The Rat wants a feminine equivalent of ‘avuncular’. That’s easy: ‘materteral’. According to the Random House Word of the Day site, the word is listed only once in the Oxford English Dictionary, but is actually older (1823) than ‘avuncular’ (1831). They also note that Latin had different words for aunts and uncles on the father’s and mother’s side of the family: you father’s brother and sister are your patruus and amita, your mother’s are your avunculus and matertera.

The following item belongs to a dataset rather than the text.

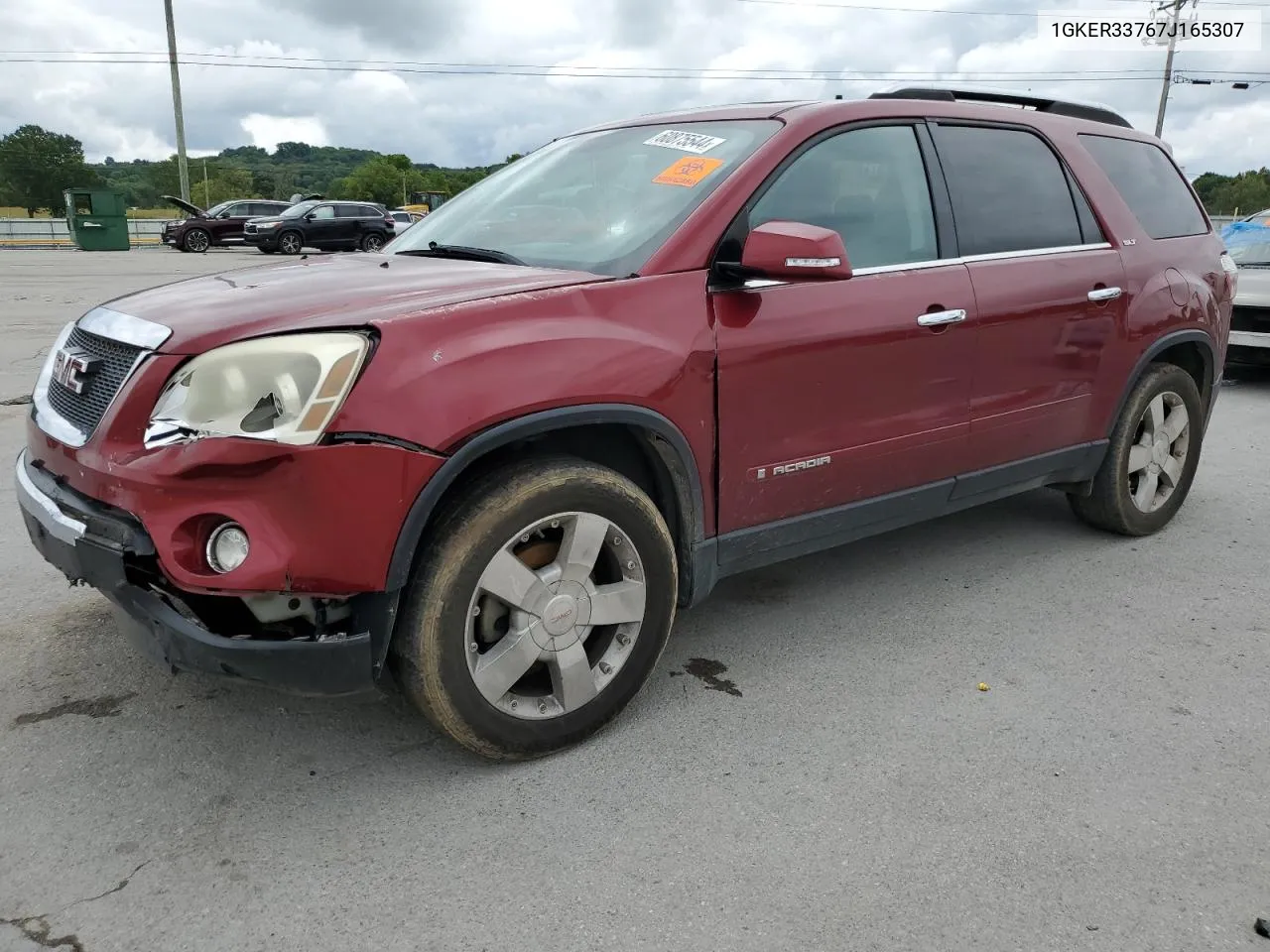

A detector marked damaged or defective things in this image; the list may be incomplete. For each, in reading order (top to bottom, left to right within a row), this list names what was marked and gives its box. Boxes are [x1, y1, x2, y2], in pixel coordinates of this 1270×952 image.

They do not note that the etymologies of three of these are transparent: your patruus is a second father (pater), your matertera a second mother (mater), and your avunculus a lesser grandfather (avus). In Anthropology and Roman Culture. Kinship, Time, Images of the Soul (tr. J. Van Sickle, Johns Hopkins, 1991), Maurizio Bettini gathers the evidence that the father’s siblings were “were expected to maintain an attitude of discipline, harshness and aloofness”, while the mother’s were stereotypically “warm and affectionate even to the point of indulgence” (both quotations from Matthew Slagter’s review, here). It appears that The Rat will soon be an amita rather than a matertera, but ‘amital’ is not an English word, and I imagine she’s planning to be more materteral anyway. I recently learned that I will soon be a patruus magnus (great-uncle), but I plan to defy the etymologies and be greatly avuncular.